The men which Lara brings into the field at first obtain a victory, under the mere impulse of their new courage and their dawning hopes of freedom; but this victory is their ruin. Intoxicated with the belief that the prize is won, they rush blindly onward, and are severely checked. Excellent soldiers for the campaign of a day, but utterly unable to encounter all the slow and toilsome duties of a long-continued warfare, they are, after various successes, reduced to a small band, with which Lara seeks to effect a retreat to the frontiers. In this, however, he is disappointed; he is surrounded on all sides, and reduced to the desperate necessity of attempting to cut a passage through the forces which hedge him round.

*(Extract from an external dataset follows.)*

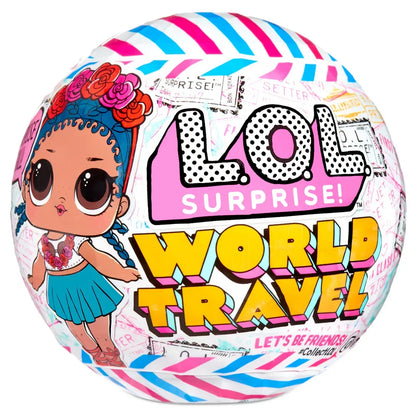 L.O.L. Surprise! OMG World Travel Toys, Trendy Doll with 8 Surprises to UNbox Including a Secret Message, Fashions, Accessories, &amp; More in Sidekick - Jaiman Toys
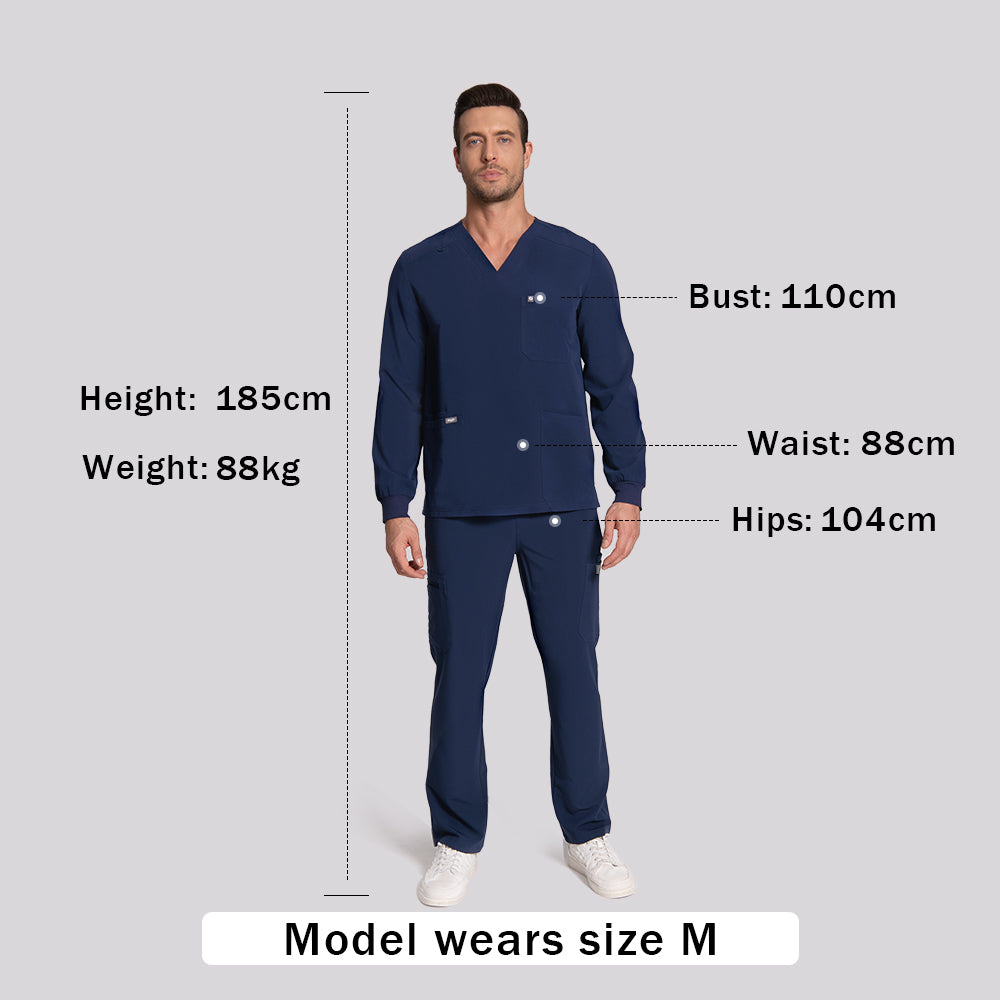 Long sleeve scrub top and pants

In this attempt he receives a mortal shot:

His blade is bared, in him there is an air
As deep, but far too tranquil for despair;
A something of indifference more than then
Becomes the bravest, if they feel for men.
He turned his eye on Kaled, ever near,
And still too faithful to betray one fear;
Perchance 'twas but the moon's dim twilight threw
Along his aspect an unwonted hue

Of mournful paleness, whose deep tint exprest
The truth, and not the terror, of his breast.
This Lara marked, and laid his hand on his :
It trembled not in such an hour as this;
His lip was silent, scarcely beat his heart,
His eye alone proclaimed We will not part!
Thy band may perish, or thy friends may flee;
Farewell to life, but not adieu to thee!'

The word hath passed his lips, aud, onward driven,
Pours the linked band through ranks asunder riven;
Well has each steed obeyed the armed heel,
And flash the scimitars, and rings the steel;
Outnumbered, not outbraved, they still oppose
Despair to daring, and a front to foes;

And blood is mingled with the dashing stream,
Which runs all redly till the morning beam.